Developing Direct-Entry Midwifery in the United States

Chapter 1 ACNM and MANA: Divergent Histories and Convergent Trends
Chapter 2 Idealism and Pragmatism in the Creation of the Certified Midwife: The Development of Midwifery in New York and the New York Midwifery Practice Act of 1992
Chapter 3 Qualified Commodification: The Creation of the Certified Professional Midwife
These three chapters cumulatively paint a national picture of the development of nurse- and direct-entry midwifery in the United States in terms of history, politics, and national certification. In chapter 1, Robbie Davis-Floyd presents a comparative overview of ACNM and MANA through their divergent histories and contemporary convergent trends, analyzing the respective motivations of their members for creating two separate national direct-entry certifications, the CM and the CPM, at close to the same historical moment.
In chapter 2, Maureen May and Davis-Floyd describe the creation of the CM in the context of the history of nurse-midwifery in New York, which is intimately tied to the history of nurse-midwifery in the nation. They analyze the characteristics of the culture of pragmatism that developed among nurse-midwives and the ways in which this culture influenced their very practical reasons for conceptualizing and then working hard to create a new kind of midwife who would be both licensed in New York and certified by the ACNM Certification Council, without having to pass through nursing training. May and Davis-Floyd also describe the unsuccessful efforts of New York’s homebirth direct-entry midwives to be included in the law that legalized the CM—the New York Midwifery Practice Act of 1992—and its effects on their practices and lives.
In chapter 3, Davis-Floyd analyzes the creation of the CPM by the North American Registry of Midwives, a daughter organization of MANA, using commodification theory to describe the alchemical process by which the requirements for this certification were developed as its creators struggled to “sell midwifery without selling midwifery out.”

1

ACNM AND MANA: DIVERGENT HISTORIES AND CONVERGENT TRENDS

Robbie Davis-Floyd
• A Brief Social History of American Midwifery • Nurse-Midwifery’s Shift to Hospital-Based Practice and the Founding of the ACNM • Lay and Direct-Entry Midwifery • The Founding of MANA and Its Work during the 1980s • The Carnegie Meetings of the Interorganizational Work Group • Apprenticeship in Canada and the United States • The Late 1990s: Convergent Trends • From Lay to Direct-Entry: The Development of the Certified Professional Midwife • ACNM, the Development of the Certified Midwife (CM), and MANA’s Response • The Contemporary Status Quo • Conclusion: A Convergent Network of Options for American Women • Timeline of Events in the Comparative History of ACNM and MANA
The scene is the 1997 MANA conference in Seattle. The conference room is filling up with so many midwives that walls have to be moved to accommodate the crowd. I am on my way to the slide projector and I am so nervous that I drop my tray of slides, then have to work frantically to get them back in order before the panel—which I am facilitating—is supposed to start. Over the past ten years, I have given hundreds of public lectures and have chaired dozens of conference panels, so why am I trembling? Because this is the most politically charged topic I have ever taken on—a panel designed specifically to address the major issues that place MANA at loggerheads with ACNM.
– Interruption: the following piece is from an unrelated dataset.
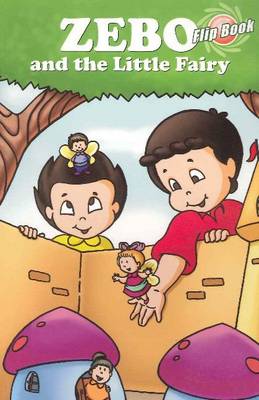 Zebo & the Little Fairy: Flip Book (Paperback)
The current president of ACNM is on this panel, along with the vice president and a past president. Representing MANA are its president, a board member of MANA’s sister organization the North American Registry of Midwives (NARM),1 and a well-known direct-entry midwifery educator. The title of the panel is “ACNM and MANA: A Direct-Entry Dialogue,” and the burning question of the day is: What will be the relationship of the two new direct-entry certifications developed by MANA and the ACNM?
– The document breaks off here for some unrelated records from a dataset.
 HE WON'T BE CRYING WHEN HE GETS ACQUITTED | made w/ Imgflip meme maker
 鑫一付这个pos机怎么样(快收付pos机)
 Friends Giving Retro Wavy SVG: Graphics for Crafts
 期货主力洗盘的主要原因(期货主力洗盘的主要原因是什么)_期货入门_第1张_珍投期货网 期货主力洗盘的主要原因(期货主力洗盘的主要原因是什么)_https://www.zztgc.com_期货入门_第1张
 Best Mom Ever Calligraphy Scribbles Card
NARM began work on national direct-entry certification in the early 1990s and had its process up and running by 1994. A prime motivator for key members of the NARM board had been their belief that ACNM was going to stick to nurse-midwifery and leave direct-entry certification up to MANA and NARM. Thinking they had an open field, NARM board and committee members devoted thousands of volunteer hours to creating a new direct-entry credential, the Certified Professional Midwife (CPM).
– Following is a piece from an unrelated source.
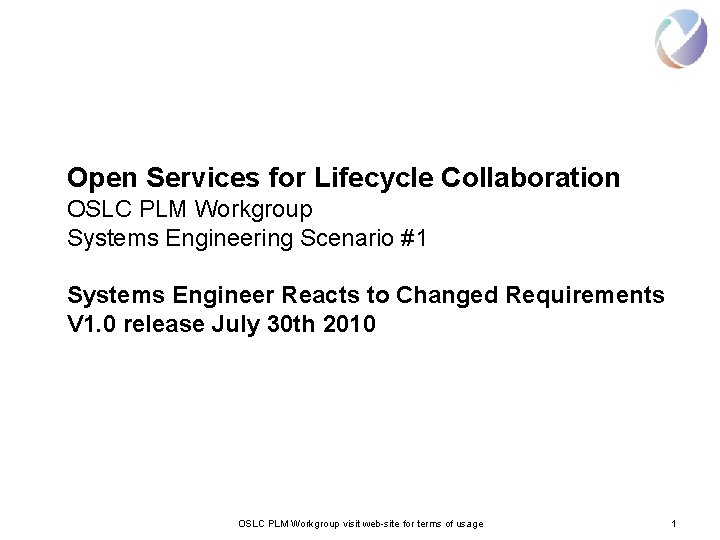 Open Services for Lifecycle Collaboration OSLC PLM Workgroup Systems Engineering Scenario #1 Systems Engineer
But in 1994, after countless hours of deliberation on their own part, the ACNM passed a motion to develop its own direct-entry credential, which was later named the Certified Midwife (CM). From MANA’s point of view, this was a massive infringement on the territory it had staked out—direct-entry or non-nurse midwifery. Making matters worse for MANA and NARM, ACNM had sent out a letter to legislators all over the country stating ACNM’s support for its own CM credential and casting doubt on the validity of other certifications—an action many in MANA and NARM interpreted as a frontal attack.
Both organizations were facing battles to legalize these new direct-entry certifications in state legislatures across the country. What the 350 MANA midwives packed into the room wanted to know was, were they going to have to fight both the doctors and the ACNM to get their credential legalized, or could their sister midwives in the ACNM be convinced to support both certifications and work collaboratively with them to get both CPMs and CMs legalized and regulated in all 50 states?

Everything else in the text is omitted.